● **Exercise**
Write out only the lines from the line containing "Old Bean Shed, Clarkrange, TN 38553 photo 12" to the end of the listing below, both included, exactly as they stand. Drop the pictures.

● **Recorded data**
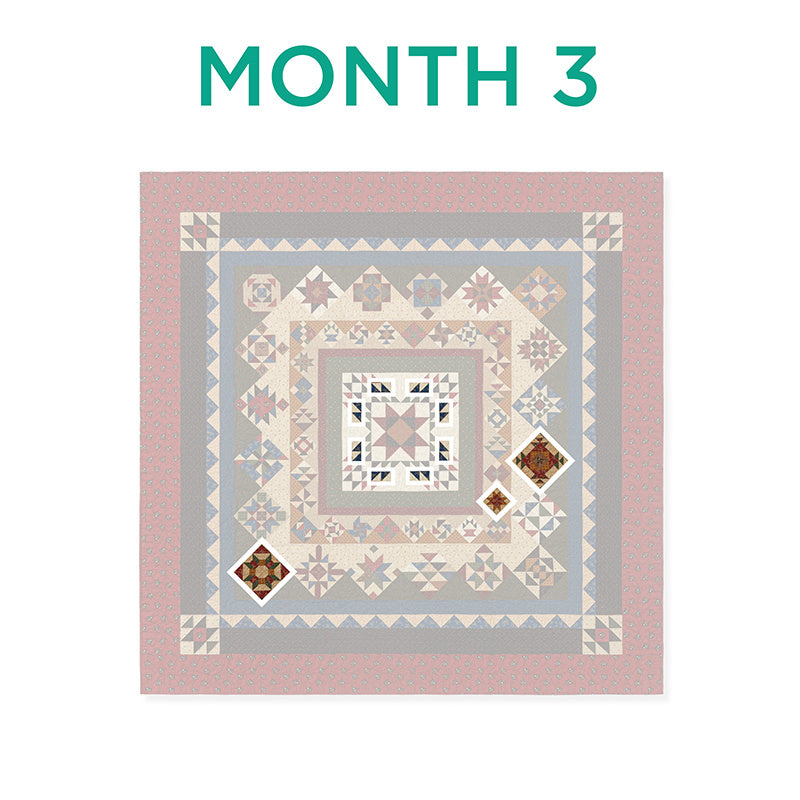 ForeverMore Block of the Month Alternative View #4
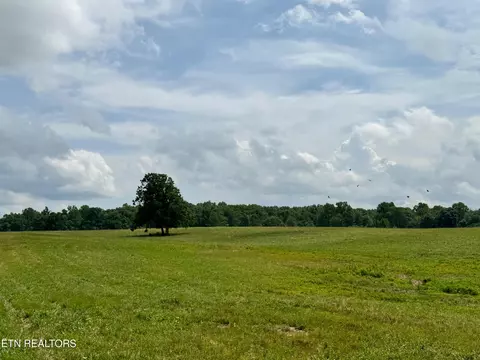 Old Bean Shed, Clarkrange, TN 38553 photo 12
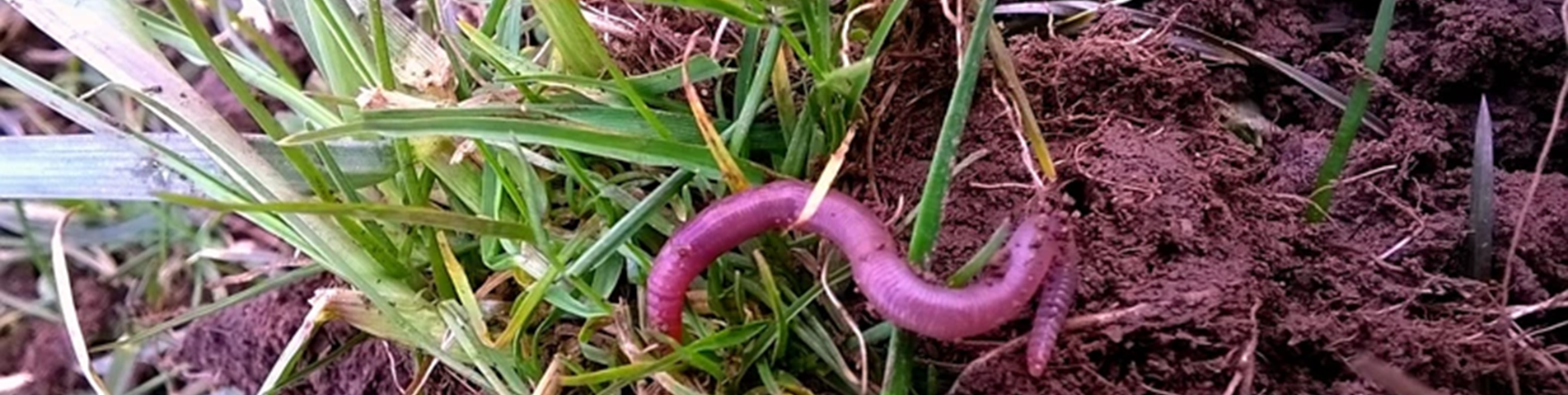 worm.png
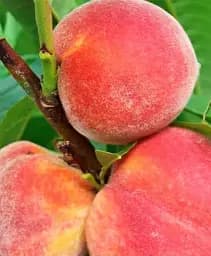 Саженец Agro-Market Персик Валиант (летний сорт, средний срок созревания) 1 шт. в упаковке (36764)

● **Task response**
 Old Bean Shed, Clarkrange, TN 38553 photo 12
 worm.png
 Саженец Agro-Market Персик Валиант (летний сорт, средний срок созревания) 1 шт. в упаковке (36764)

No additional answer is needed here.